Recently, I’ve gotten into the catalog of FuRyu, a lower-budget Japanese publisher more famous for their figure production than for their games. While it’s understandable they’ve flown under the radar, it’s also a bit of a shame. In the past year alone they’ve released Trinity Trigger, a passable send-up of the top-down Mana games of old, and Crymachina, a game about robot lesbians that I was extremely effusive about late last year. They’ve also been behind games like The Caligula Effect 2, which I’ve never quite gotten into, but appreciate from afar for its usage of music and its interrogation of social issues beyond the well-trodden standard. FuRyu publishes games that, at the very least, leave me impressed by their novelty or character concepts. On the other hand, with every game they publish being made by an entirely different outsourced developer, they consistently feel disjointed, rushed, and incomplete. 

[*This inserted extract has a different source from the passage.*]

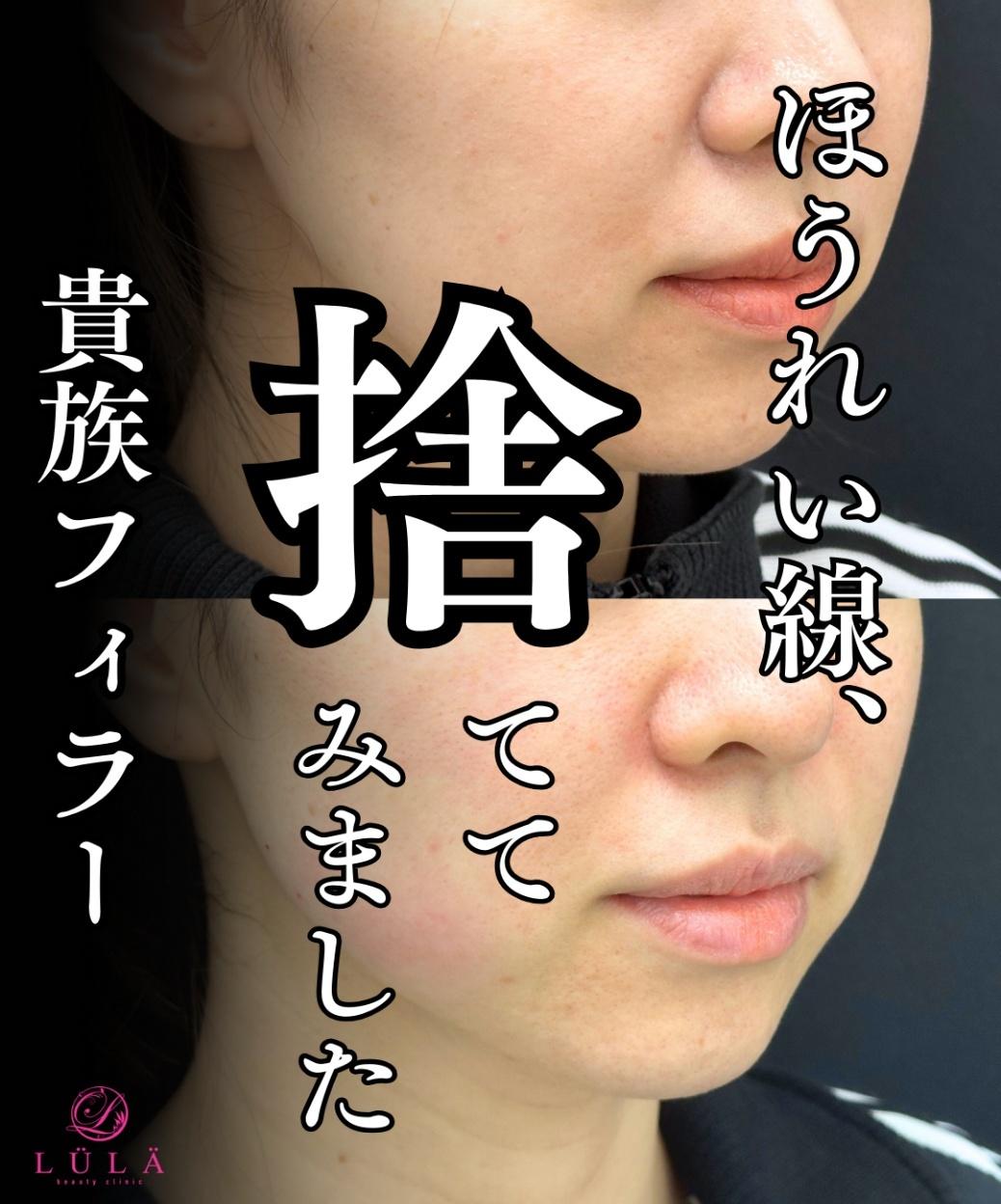 ヒアルロン酸の症例写真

Earlier this year, FuRyu announced Reynatis, a love letter to the long canceled Final Fantasy Versus XIII. After how much I enjoyed Crymachina, I was pretty excited! I’ve always been a fan of Tetsuya Nomura’s works, and it wouldn’t be a stretch to say that games like Kingdom Hearts and The World Ends With You are the cornerstones that established exactly what I love about video games and art at large. The idea of some similarly-inclined creators taking a crack at one of the most pined-after “what ifs” of gaming was incredibly enticing. Many of the pre-release discussions and interviews gave off a similarly positive impression, specifically finding out that Kingdom Hearts series composer Yoko Shimomura was on board, and that they had managed to somehow get an official collaboration with NEO The World Ends With You.

I wouldn’t say I was expecting the best gaming experience ever conceived, or even anything close to the imagined highs of a real Versus XIII successor, but I was still expecting something that I would come out the other side of with admiration and respect for developers trying something new. Unfortunately, I instead finished Reynatis with an overwhelming disappointment in what should have been an experience elevated by a development team’s interest in the works that shaped them. Reynatis is a game lacking in depth, character, and, worst of all, any sense of cohesion.

Reynatis takes place in the Shibuya district of Tokyo, in a pastiche of 2024 where a small subset of the population have become magic-wielding wizards after near-death experiences. You play the early parts of the game through the viewpoints of two different characters: Sari Nishijima, an agent for a wizard enforcement agency that controls and deals with the various types of crises that arise in a world where people can just do all sorts of random magic; and Marin Kirizumi, a rogue wizard sneaking around the city trying to become “the strongest”.

One of the magical issues in this alternate Shibuya is the distribution of Rubrum (shortened to Rub without a hint of irony), a magical drug engineered from the blood of wizards that gives the standard effects of a recreational drug, with an on-the-nose added effect of gradually turning users into mindless monsters known as “the Damned”. Rubrum is distributed to the masses by an evil group known as the Guild; old-money wizards who got rich off of World War II and live in a pocket dimension, traveling across the world through gates of fog to cause all sorts of chaos and mayhem. 

Now if you, like me, have read all this outrageous exposition and thought, “Awesome, this all sounds pretty unique and interesting!”, yeah! From the outset, it seems like Reynatis has crafted a world that, while clearly iterative of various urban fantasy works, feels fairly unique and engaging. As you make your way through the game and uncover more about the worldbuilding through concepts like “Wizarts” (graffiti that teaches you spells like a modern-day spellbook), or “Legacies” (transformation spells that allow higher-level wizards to don supervillain-style outfits or monstrous forms), it seems like they thought a lot about the various concepts and underpinnings of their magical world, with a mind towards what would be cool first and foremost. Even the core conceit of being a wizard in that world is interesting, with most wizards being called “Replicas”, implying that they’re more of a copy of the person that died, rather than that same person suddenly gaining magic powers. 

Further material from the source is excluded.